So long, coin tosses and sudden death!
In the days leading up to Overwatch‘s second season of competitive play, director Jeff Kaplan has begun detailing the many tweaks being made. This nearly 15-minute video couldn’t even cover everything!
Much of the work being done is meant to make competitive feel more rewarding. The current skill rating system of 1 to 100 will be bumped way up to a scale of 1 to 5,000, meaning instead of going up or down “half or a quarter of a skill rating” after a round, your rank will shift by whole numbers.
Another big change: skill ratings will fall into one of seven tiers like bronze, silver, or gold. Excluding the top two tiers (the best of the absolute best), you won’t be able to fall out of your highest tier — so if you make it into gold and have a bad week or three, you’ll still have your gold status. To that end, your rewards at the end of the season will depend on the highest tier you achieved.

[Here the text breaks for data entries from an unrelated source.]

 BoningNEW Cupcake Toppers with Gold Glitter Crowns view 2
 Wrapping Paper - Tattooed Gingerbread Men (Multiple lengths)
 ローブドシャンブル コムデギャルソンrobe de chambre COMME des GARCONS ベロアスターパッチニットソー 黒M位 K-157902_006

Without getting deep into the minutia of timer tweaks (listen to Jeff’s explanation at 5:40), Blizzard is altering how rounds can play out. Hybrid and Payload maps are getting the “Time Bank” system currently seen on Assault maps, and there won’t be any more sudden-death rounds or coin flips.
While ties will be possible, Kaplan says they should be “very rare.” In those situations, you’ll still come away with some competitive points (one win will be worth 10 points, and golden guns will cost 10 times their current price; your existing points from Season 1 will be multiplied by 10).

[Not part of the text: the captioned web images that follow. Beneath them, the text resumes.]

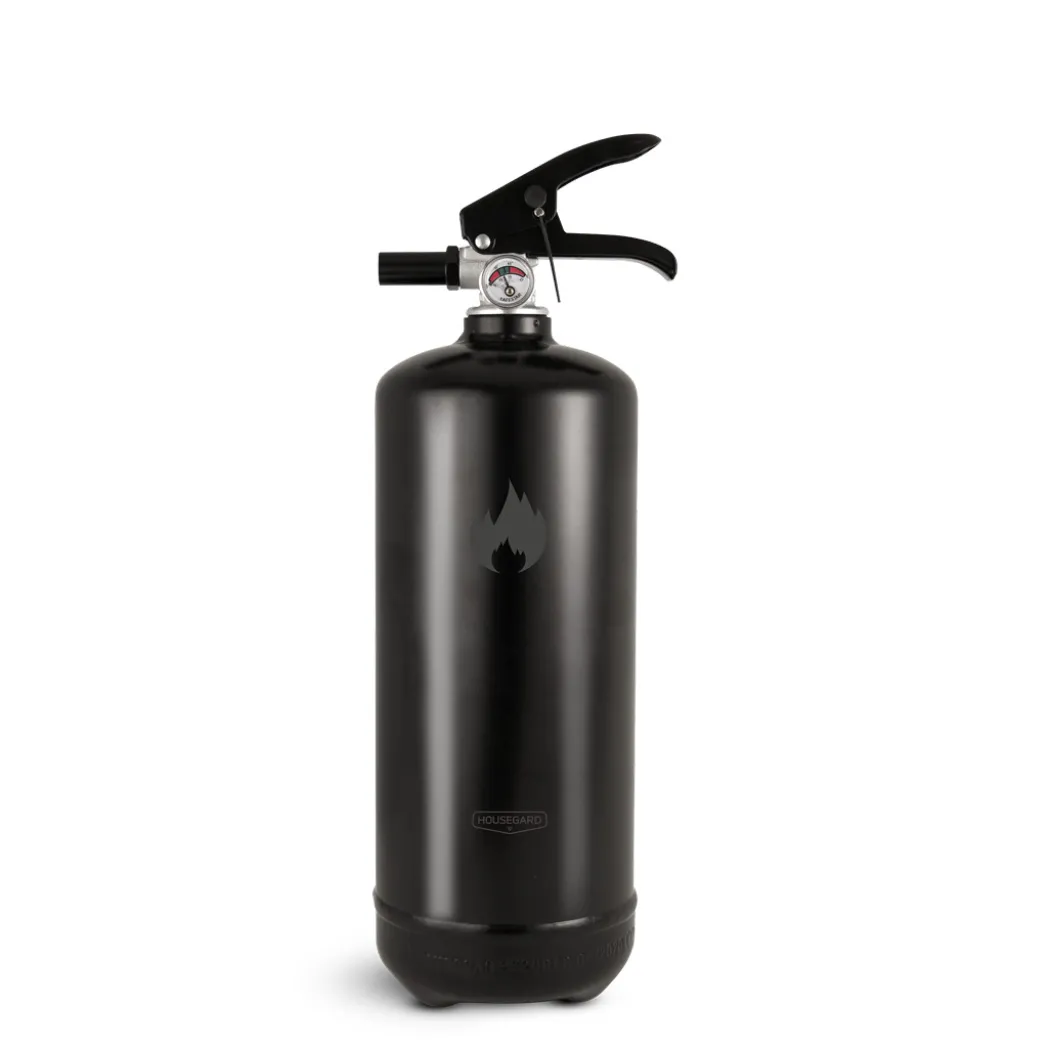 Housegard 2 kg pulverslukker, svart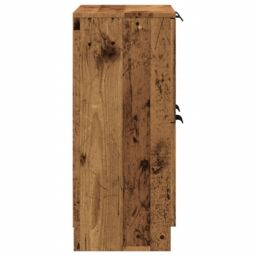 Berkfield Home Sideboard Old Wood 60x30x70 cm Engineered Wood in Brown - Size: 60 x 30 x 70 cm - thumbnail 5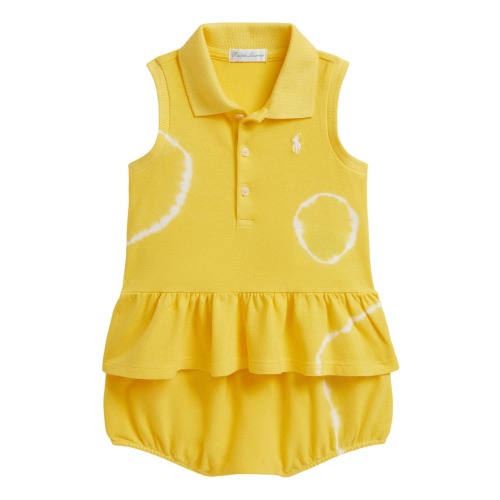 Stretch Mesh Polo Dress & Bloomers Set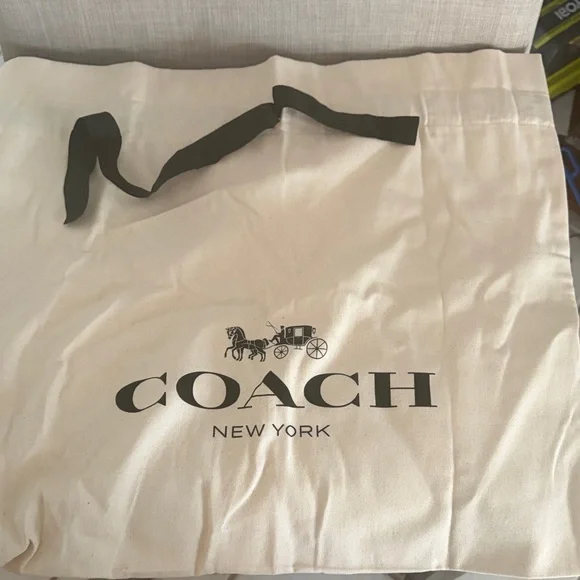 Coach Jamie Camera Bag Signature Canvas Stripe Beige White Like New + Dust Bag - Picture 5 of 9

If you’ve come up against way-too-good teams full of grouped friends, that should become less of an issue in Season 2. “What we’re fighting with here is the desire for people to play with their friends versus the unfairness of widely disparate skill ratings grouping with one another,” says Kaplan. “It’s a tricky place for us to get to in terms of balance. We’re hoping those of you who play on the [Public Test Region] and group with friends give us your feedback about what you think that right [skill gap] number is. That’s something that’s not terribly difficult for us to iterate on.”
Kaplan noted that he couldn’t cover every single specific change planned, so I’m hopeful that something, anything, will be done to further deter jerks from quitting competitive matches. “We want Season 2 to feel kind of like a new beginning,” he said. “Like a really awesome moment where everybody can come back and try the system again and feel much better about the direction that it’s taking.”